In this regard, it is particularly desirable that institutions such as universities and business schools both foresee and provide, as a fundamental and not merely supplementary element of their curricula of studies, a formational dimension that educates the students to understand economics and finance in the light of a vision of the totality of the human person and avoids a reductionism that sees only some dimensions of the person. An ethics is needed to design such formation.

The social doctrine of the Church would be a considerable help in this connection.

11. Well-being must therefore be measured by criteria far more comprehensive than the Gross Domestic Product of a nation (GDP), and must take into account instead other standards, for example, safety and security, the growth of “human capital”, the quality of human relationships and of work. Profit should to be pursued but not “at any cost”, nor as a totalizing objective for economic action.

The presence of humanistic standards and cultural expressions that value generosity turn out to be both useful and emblematic here. Thus the discovery and implementation of the true and just as good in themselves, become the norms for evaluation.[22]

Profit and solidarity are no longer antagonists. In fact, where egoism and vested interests prevail, it is difficult for the human person to grasp the fruitful interchange between profit and gift, as sin tends to tarnish and rupture this relationship. In a fully human perspective, there is actualized an interchange between profit and solidarity that, thanks to the freedom of the human person, unleashes a great potential for the markets.

An enduring call to acknowledge the human quality of generosity comes from the rule formulated by Jesus in the Gospel, called the golden rule, which invites us to do to others what we would like them to do for us (cf. Mt 7, 12; Lk 6, 31).

12. Economic activity cannot be sustained in the long run where freedom of initiative cannot thrive.[23] It is also obvious today that the freedom enjoyed by the economic stakeholders, if it is understood as absolute in itself, and removed from its intrinsic reference to the true and the good, creates centers of power that incline towards forms of oligarchy and in the end undermine the very efficiency of the economic system.[24]

From this point of view, it is easy to see how, with the growing and all-pervasive control of powerful parties and vast economic-financial networks, those deputed to exercise political power are often disoriented and rendered powerless by supranational agents and by the volatility of the capital they manage.

Those entrusted with political authority find it difficult to fulfil to their original vocation as servants of the common good, and are even transformed into ancillary instruments of interests extraneous to the good.[25]

These factors make all the more imperative a renewed alliance between economic and political agents in order to promote everything that serves the complete development of every human person as well as the society at large and unites demands for solidarity with those of subsidiarity.[26]

13. In principle, all the endowments and means that the markets employ in order to strengthen their distributive capacity are morally permissible, provided they do not turn against the dignity of the person and are not indifferent to the common good.[27]

At the same time, it is clear that markets, as powerful propellers of the economy, are not capable of governing themselves.[28] In fact, the markets know neither how to make the assumptions that allow their smooth running (social coexistence, honesty, trust, safety and security, laws, and so on) nor how to correct those effects and forces that are harmful to human society (inequality, asymmetries, environmental damage, social insecurity, and fraud).

14. Moreover, besides the fact that most of its operators are singularly animated by good and right intentions, it is impossible to ignore the fact that the financial industry, because of its pervasiveness and its inevitable capacity to condition and, in a certain sense, to dominate the real economy today, is a place where selfishness and the abuse of power have an enormous potential to harm the community.

For this reason, it must be noted that in the economic-financial world there are conditions in which some methods, though not directly unacceptable from an ethical point of view, still constitute instances of proximate immorality, that is, occasions that readily generate the kind of abuse and deception that can damage less advantaged counterparts.

For instance, to commercialize certain financial instruments is in itself licit, but in a asymmetrical situation it would be possible to take advantage of a lack of knowledge or of the contractual weakness of either counterpart.
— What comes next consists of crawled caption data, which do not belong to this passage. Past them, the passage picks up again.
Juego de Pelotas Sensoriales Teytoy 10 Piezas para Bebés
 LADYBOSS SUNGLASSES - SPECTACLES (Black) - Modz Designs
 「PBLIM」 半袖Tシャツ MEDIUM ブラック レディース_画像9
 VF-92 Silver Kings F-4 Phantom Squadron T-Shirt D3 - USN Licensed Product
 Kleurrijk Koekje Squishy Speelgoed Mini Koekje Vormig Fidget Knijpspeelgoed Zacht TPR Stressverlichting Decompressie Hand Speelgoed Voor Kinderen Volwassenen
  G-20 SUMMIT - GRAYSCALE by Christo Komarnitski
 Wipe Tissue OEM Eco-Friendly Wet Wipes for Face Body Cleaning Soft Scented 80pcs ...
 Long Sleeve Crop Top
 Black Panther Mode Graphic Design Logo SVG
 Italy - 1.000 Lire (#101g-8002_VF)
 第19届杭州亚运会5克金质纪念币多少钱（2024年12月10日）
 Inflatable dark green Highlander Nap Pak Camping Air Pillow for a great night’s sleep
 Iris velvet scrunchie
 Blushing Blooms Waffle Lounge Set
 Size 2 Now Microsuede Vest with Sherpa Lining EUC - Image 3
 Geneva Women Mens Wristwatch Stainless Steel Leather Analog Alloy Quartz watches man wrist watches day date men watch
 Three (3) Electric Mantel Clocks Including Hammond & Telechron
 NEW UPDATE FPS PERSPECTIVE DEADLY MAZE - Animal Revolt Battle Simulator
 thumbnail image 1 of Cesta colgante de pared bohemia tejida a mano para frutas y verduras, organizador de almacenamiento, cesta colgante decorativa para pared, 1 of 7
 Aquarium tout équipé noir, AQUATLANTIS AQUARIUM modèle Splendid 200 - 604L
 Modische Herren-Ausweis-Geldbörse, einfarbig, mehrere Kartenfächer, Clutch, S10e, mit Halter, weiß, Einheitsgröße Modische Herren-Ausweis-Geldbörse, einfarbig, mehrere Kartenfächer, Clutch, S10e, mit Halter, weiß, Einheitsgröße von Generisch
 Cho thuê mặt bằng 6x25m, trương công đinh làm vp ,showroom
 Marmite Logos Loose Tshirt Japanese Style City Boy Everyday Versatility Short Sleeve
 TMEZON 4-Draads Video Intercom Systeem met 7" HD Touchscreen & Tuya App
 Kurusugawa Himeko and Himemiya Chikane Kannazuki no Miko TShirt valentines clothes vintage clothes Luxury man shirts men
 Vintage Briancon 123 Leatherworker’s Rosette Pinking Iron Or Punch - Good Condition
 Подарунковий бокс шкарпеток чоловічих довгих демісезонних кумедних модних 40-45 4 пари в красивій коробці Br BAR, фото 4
In itself this amounts to a violation of due relational propriety, which is already a grave violation from an ethical point of view.

The complexity of numerous financial products currently renders such asymmetry an inherent element of the system itself and puts the buyers in a position inferior to those who commercialize these products—a situation that from several aspects leads to the surmounting of the traditional principle of caveat emptor.

This principle, on the basis of which the responsibility to assess the quality of the good acquired should rest above all with the buyer, in fact presupposes a parity in the capacity to safeguard the proper interests of the contractors. This actually does not exist in many cases both from the evident hierarchical relationship that comes to be established in certain types of contracts (for example, between the lender and the borrower) as well as in the complex structuring of numerous financial instruments.

15. Money in itself is a good instrument, as are many other things at the disposal of the human person, and is a means to order one’s freedom and to expand one’s possibilities.

Nevertheless, the means can easily turn against the person.

Likewise, the financial dimension of the business world, focusing business on the access of money through the gateway of the world of stock exchange, is as such something positive. Such a phenomenon, however, today risks accentuating bad financial practices concentrated primarily on speculative transactions of virtual wealth, as well as negotiations of high frequency trading, where the parties accumulate for themselves an excessive quantity of capital and remove the capital from circulation within the real economy.[29]

What was sadly predicted a century ago has now come true today.

Capital annuity can trap and supplant the income from work, which is often confined to the margins of the principal interests of the economic system. Consequently, work itself, together with its dignity, is increasingly at risk of losing its value as a “good” for the human person[30] and becoming merely a means of exchange within asymmetrical social relations.

Precisely in this inversion of the order between means and ends, where work as a good becomes an “instrument,” and money an “end”, the reckless and amoral “culture of waste” finds a fertile ground. It has marginalized great masses of the world’s population, deprived them of decent labor, and left them “without possibilities, without any means of escape”: “It is no longer simply the phenomenon of exploitation and oppression, but something new.

Exclusion ultimately has to do with what it means to be a part of the society in which we live; those excluded are no longer society’s underside, or those on the fringes or its disenfranchised, but rather they are no longer even a part of it. The excluded are not the “exploited” but the outcast, the “leftovers”.[31]

16. In this regard, we cannot but think of the irreplaceable social function of credit whose performance looms large to qualified and reliable financial intermediaries. In this sphere, it is clear that applying excessively high interest rates, really beyond the range of the borrowers of funds, represents a transaction not only ethically illegitimate, but also harmful to the health of the economic system.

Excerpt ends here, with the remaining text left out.